The Quebec Emergency
In October 1970, radical Quebecois nationalist violence threw Canada into political chaos. Margaret Macmillan traces the history of the tumultuous time.
How did troops end up on the streets on Montreal in October 1970? The French-speaking majority of Quebec has long been isolated and disadvantaged on the English-speaking continent of North America. As anti-colonial and social movements gained global traction in the 1960s, Quebec transformed into a secular, progressive society.
Yet, for some francophone Quebecois, change would never go far enough if the province remained a part of Canada. And, within the broad movement for Quebec independence, one radical group chose to use violence to pursue their cause.
The Front de Libération du Quebec, or FLQ, launched a campaign of terror on Quebec, planting bombs throughout the 1960s. National and provincial tensions came to a dramatic climax in October 1970, when the FLQ kidnapped a British diplomat, James Cross, followed by a senior Quebec politician, Pierre Laporte.
The Prime Minister at the time, Pierre Trudeau, was faced with a grave dilemma - crush violent separatism at the risk of fanning the flames of Quebec’s grievances or be seen to appease terrorism.
Canadian Professor of International History, Margaret MacMillan, charts the cultural and political currents of that dramatic time.
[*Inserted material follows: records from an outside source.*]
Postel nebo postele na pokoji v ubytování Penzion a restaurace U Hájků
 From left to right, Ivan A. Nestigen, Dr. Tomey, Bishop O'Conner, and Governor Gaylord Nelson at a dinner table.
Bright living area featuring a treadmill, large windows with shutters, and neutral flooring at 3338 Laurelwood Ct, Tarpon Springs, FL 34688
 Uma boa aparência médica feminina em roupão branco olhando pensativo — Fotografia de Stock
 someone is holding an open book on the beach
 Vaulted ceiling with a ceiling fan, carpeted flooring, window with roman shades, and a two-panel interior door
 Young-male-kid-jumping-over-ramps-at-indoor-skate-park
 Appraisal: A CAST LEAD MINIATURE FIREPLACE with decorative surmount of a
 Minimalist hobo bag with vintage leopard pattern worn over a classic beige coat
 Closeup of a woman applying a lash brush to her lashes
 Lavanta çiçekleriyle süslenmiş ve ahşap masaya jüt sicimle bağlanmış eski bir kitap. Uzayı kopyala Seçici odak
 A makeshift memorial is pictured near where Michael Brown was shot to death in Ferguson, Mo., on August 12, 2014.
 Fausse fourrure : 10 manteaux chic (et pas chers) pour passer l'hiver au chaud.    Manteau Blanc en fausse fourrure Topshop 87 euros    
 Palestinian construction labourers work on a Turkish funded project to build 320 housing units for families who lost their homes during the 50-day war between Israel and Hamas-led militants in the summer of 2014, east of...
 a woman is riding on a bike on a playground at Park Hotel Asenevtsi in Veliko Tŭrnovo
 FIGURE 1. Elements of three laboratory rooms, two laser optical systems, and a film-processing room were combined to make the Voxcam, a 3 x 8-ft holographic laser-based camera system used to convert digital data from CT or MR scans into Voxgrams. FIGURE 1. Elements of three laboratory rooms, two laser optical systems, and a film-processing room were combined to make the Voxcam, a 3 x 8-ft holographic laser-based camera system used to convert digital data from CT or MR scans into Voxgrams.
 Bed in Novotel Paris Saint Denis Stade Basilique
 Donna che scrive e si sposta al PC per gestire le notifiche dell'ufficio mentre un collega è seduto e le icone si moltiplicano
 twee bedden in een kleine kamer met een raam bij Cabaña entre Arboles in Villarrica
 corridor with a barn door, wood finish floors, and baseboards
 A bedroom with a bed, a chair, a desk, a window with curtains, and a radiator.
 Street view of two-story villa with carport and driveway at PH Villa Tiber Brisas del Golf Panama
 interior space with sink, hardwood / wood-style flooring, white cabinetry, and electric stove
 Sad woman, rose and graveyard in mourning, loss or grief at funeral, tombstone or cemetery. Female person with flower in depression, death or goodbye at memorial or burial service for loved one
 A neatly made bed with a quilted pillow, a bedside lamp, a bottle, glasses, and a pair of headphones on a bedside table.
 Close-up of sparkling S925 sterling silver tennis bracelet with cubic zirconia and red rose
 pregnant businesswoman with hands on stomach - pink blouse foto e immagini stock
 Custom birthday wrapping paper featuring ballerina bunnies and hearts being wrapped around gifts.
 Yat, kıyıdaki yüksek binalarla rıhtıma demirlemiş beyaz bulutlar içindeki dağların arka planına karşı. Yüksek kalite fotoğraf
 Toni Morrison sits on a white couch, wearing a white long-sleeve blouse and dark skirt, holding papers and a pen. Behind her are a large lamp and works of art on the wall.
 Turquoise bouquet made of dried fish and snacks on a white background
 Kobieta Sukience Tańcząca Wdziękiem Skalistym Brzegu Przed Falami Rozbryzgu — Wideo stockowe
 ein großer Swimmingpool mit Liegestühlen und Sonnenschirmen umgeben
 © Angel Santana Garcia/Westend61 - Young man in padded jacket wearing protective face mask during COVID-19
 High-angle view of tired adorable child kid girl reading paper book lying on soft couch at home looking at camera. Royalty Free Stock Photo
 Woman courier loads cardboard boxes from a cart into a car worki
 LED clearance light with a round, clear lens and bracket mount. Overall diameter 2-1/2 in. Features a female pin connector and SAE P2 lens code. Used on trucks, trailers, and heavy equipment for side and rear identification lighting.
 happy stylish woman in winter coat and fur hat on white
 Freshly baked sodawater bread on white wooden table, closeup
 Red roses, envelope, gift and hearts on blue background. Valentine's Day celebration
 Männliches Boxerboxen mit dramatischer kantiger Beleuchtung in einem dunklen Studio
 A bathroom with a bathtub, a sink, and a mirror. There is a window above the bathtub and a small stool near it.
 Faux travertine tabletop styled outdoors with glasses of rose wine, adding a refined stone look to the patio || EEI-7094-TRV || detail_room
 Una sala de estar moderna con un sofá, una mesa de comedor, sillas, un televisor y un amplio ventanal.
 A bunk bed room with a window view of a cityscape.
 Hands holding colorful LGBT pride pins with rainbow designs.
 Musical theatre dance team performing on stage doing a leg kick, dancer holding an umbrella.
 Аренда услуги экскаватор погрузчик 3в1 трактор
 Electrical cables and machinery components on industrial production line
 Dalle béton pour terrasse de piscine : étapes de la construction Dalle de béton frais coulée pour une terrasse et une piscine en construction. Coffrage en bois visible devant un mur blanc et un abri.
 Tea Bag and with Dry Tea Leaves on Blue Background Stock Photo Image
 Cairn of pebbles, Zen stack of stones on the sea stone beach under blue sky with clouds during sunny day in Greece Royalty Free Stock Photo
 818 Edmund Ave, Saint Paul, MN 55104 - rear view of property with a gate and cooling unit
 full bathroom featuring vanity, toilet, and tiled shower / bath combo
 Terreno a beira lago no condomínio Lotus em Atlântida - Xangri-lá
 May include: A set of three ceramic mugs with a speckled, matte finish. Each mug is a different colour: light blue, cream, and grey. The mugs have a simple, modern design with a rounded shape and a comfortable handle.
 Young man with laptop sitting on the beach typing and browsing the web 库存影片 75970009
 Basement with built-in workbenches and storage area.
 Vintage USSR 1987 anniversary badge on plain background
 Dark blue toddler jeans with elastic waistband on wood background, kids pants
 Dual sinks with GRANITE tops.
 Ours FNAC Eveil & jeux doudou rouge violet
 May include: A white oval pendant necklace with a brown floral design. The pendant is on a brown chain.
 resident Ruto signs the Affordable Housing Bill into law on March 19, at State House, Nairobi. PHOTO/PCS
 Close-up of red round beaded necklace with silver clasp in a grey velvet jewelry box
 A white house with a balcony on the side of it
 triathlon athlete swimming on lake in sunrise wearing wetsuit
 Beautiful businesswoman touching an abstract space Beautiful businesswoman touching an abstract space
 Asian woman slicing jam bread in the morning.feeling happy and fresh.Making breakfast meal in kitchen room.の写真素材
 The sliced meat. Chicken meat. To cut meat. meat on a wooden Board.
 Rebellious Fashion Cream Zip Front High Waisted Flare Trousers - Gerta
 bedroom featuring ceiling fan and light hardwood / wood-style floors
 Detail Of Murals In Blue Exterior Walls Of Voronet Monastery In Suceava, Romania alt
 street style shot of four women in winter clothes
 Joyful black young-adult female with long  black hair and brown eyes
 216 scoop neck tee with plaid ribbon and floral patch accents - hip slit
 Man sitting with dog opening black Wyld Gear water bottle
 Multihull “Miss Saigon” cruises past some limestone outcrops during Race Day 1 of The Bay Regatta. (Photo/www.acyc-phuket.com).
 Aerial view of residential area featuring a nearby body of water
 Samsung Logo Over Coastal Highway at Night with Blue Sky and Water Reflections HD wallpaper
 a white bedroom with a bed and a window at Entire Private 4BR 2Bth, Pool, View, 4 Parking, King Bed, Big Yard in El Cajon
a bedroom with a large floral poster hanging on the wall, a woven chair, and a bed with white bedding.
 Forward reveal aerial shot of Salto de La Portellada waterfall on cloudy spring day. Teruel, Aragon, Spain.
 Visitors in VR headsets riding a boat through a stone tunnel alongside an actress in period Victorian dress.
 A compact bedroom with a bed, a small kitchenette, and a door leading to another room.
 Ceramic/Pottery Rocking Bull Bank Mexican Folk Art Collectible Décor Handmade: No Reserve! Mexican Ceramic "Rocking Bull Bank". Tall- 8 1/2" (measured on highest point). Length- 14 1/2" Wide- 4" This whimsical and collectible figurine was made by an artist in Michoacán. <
We hear archive that illustrates the fear, discontent and uncertainty on both sides, as well as the personal story of one kidnap victim and the tragedy of the other. How did Canada and Quebec go from an international success story to the site of a terrorist challenge in three short years? Margaret considers the story of the October Crisis as a pivotal moment in the history of democracy in her country.
With archive from the Canadian Broadcasting Corporation.